Why do doctors have a rep as being bad patients?  Often, that rep stems from being non-compliant with their treating physician’s orders, their medications or their follow-up.  OK, maybe just being non-compliant in general.  I have tried really hard to be a good patient, but it is hard (oh so hard), and this is my full time job right now. 

So, as I drive from appointment to appointment, I question why is it hard for doctors to be compliant?
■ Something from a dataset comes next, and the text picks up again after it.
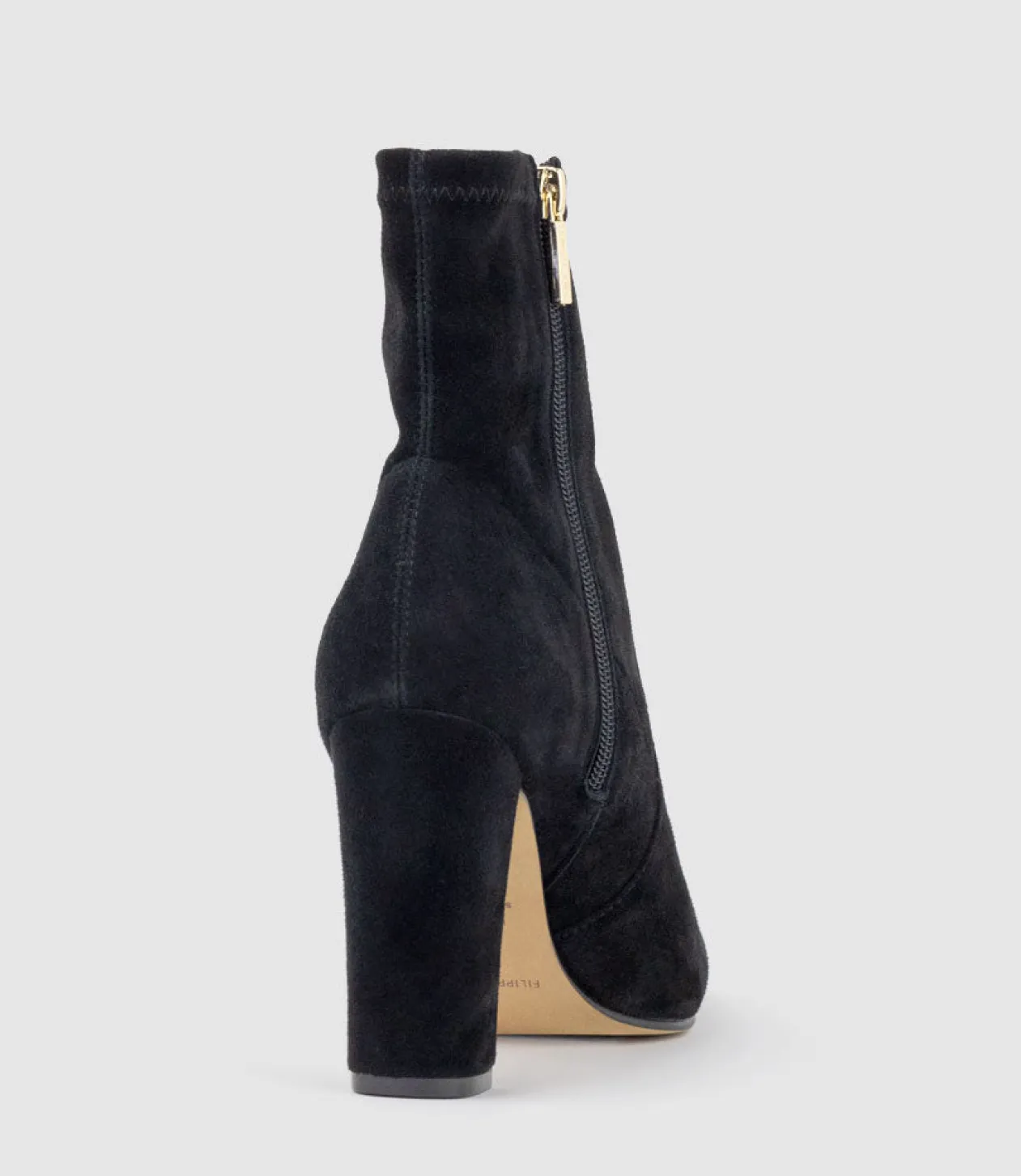 Zenya100 Block Heel Sock Boot In Black Suede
At first I thought maybe it was the years and years of training where your schedule is not your own.  I personally spent 6 years in post medical school training, and I can’t even tell you how many appointments were missed because of unexpected emergencies, how many teeth cleanings were cancelled.  I won’t mention how long I went without certain standard screenings.  We were taught in medical school, and in our training, to put our duty, our patients, above our own health.  Even as our mentors would espouse that in order to be good physicians we have to take care of ourselves they would make it difficult for us to be released from duty to take care of our own needs.

Henceforth, for years we are taught to put off our needs. Whether they be simple needs like eating, using the facilities, or making our own appointments there was always a patient that had to be seen.  It is a part of the profession, but does it subliminally train physicians to put off their own care in order to focus on their patients?
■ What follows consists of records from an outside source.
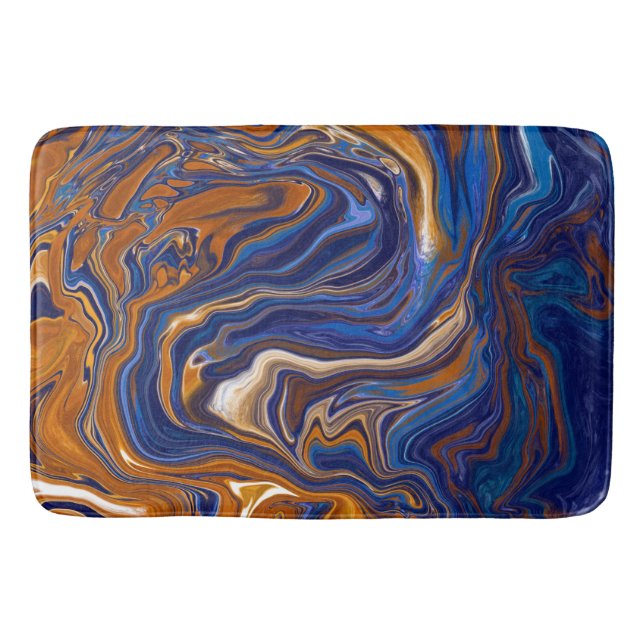 Tapis De Bain Bleu et cuivre Art moderne Abstrait (Devant)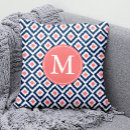 Search for navy blue and coral cushions Colourful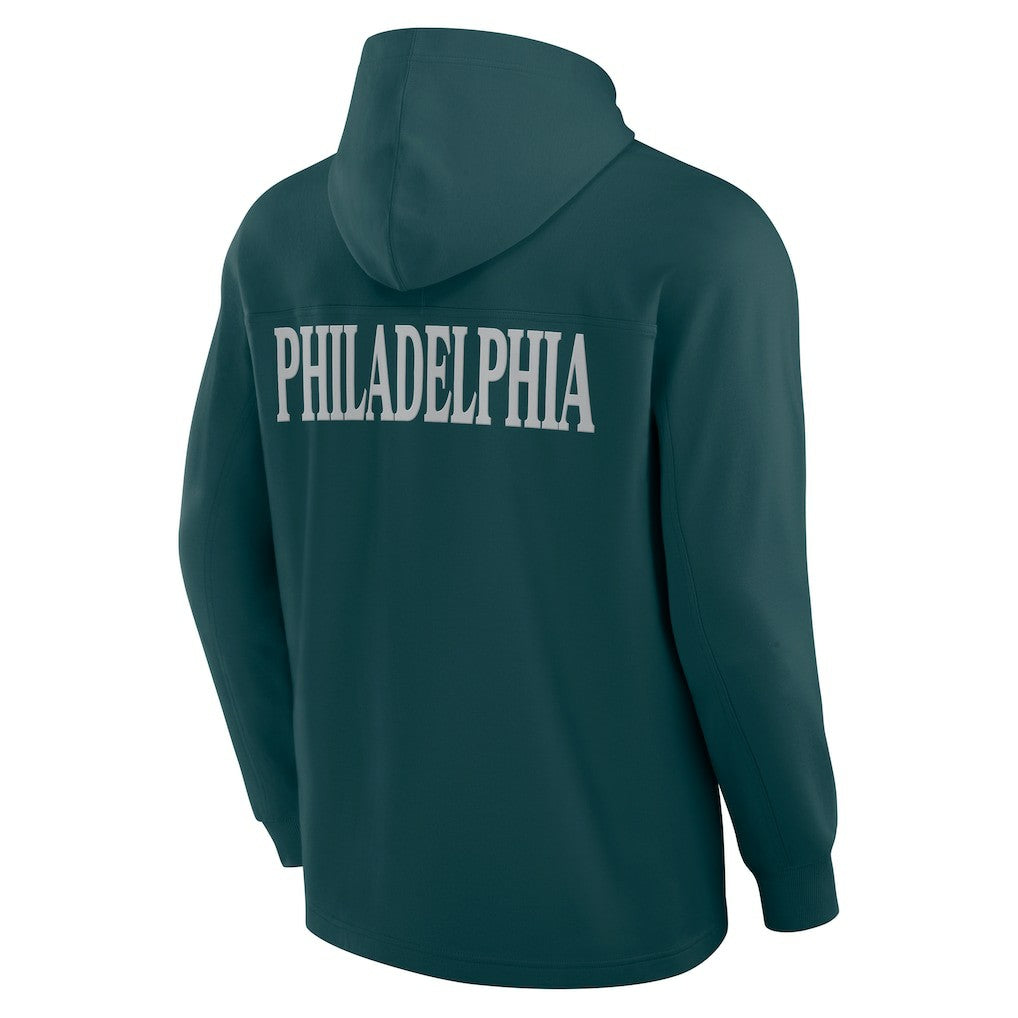Philadelphia Eagles Elements Blaze Tri-Blend Long Sleeve Hoodie T-Shirt - Midnight Green - Fanatics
As I examine my own life, I have realized that I have often rushed my recovery from injuries.  Four days after breakng my foot still non-weight-bearing on crutches, I was on service in the hospital responsible for 30-40 patients and new interns  trying to crutch around ahospital larger than 2-3 average city blocks. My attendings would laugh at me seated at the central nursing station with my foot up so I could be available, most days my colleagues would take the code beeper since I couldn’t get anywhere very fast. Yet, I was there bright and early every morning even though I had to pack to move across the country to start my fellowship through it all.  I never considered calling in sick, how would that have worked that then? Nothing bad happened, but I shudder to think of the possibilities if I couldn't have responded to an emergency on time.

After my first go-around with cancer surgery I returned to work a few weeks after being cleared to walk again post radiation. I was far from being ACTUALLY able to handle the rigors of my job and returned to work in a non-clinical status, but returned all the same.  I fell asleep on the floor playing with Sadie that first day back.  The first time I took call my foot was still so stiff upon waking that when I was called to a code in the middle of the night, I had to hop down the hall to respond.  I could hop pretty fast, but…

So, this time, I vowed to myself that I would take the time needed to heal myself before returning to work.  I have refused to feel guilty about that.  Every morning when it takes me 5 minutes of stretching to get out of bed, I know that I am far from being willing to be responsible for a baby’s life when I can’t respond quickly enough.  I am making great progress, but I am far from being ready to do my job, to accept responsibility for a child’s life.  I’m giving myself this time, and I can only hope that when I return to my profession I’ll be ready for it, because I do love my little charges!

I am learning to accept my limitations and take care of myself.  I know that when I return to caring for babies this will make me a better physician.